REQUIRED ACTION → Retype the complete listing without any change.

DATA →

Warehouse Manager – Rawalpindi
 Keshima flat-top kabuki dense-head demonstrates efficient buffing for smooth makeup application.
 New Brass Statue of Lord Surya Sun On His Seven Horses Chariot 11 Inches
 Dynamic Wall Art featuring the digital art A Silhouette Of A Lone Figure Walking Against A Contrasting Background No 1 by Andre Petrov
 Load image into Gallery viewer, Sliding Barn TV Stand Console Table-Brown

ANSWER TO THIS EXERCISE →
Warehouse Manager – Rawalpindi
 Keshima flat-top kabuki dense-head demonstrates efficient buffing for smooth makeup application.
 New Brass Statue of Lord Surya Sun On His Seven Horses Chariot 11 Inches
 Dynamic Wall Art featuring the digital art A Silhouette Of A Lone Figure Walking Against A Contrasting Background No 1 by Andre Petrov
 Load image into Gallery viewer, Sliding Barn TV Stand Console Table-Brown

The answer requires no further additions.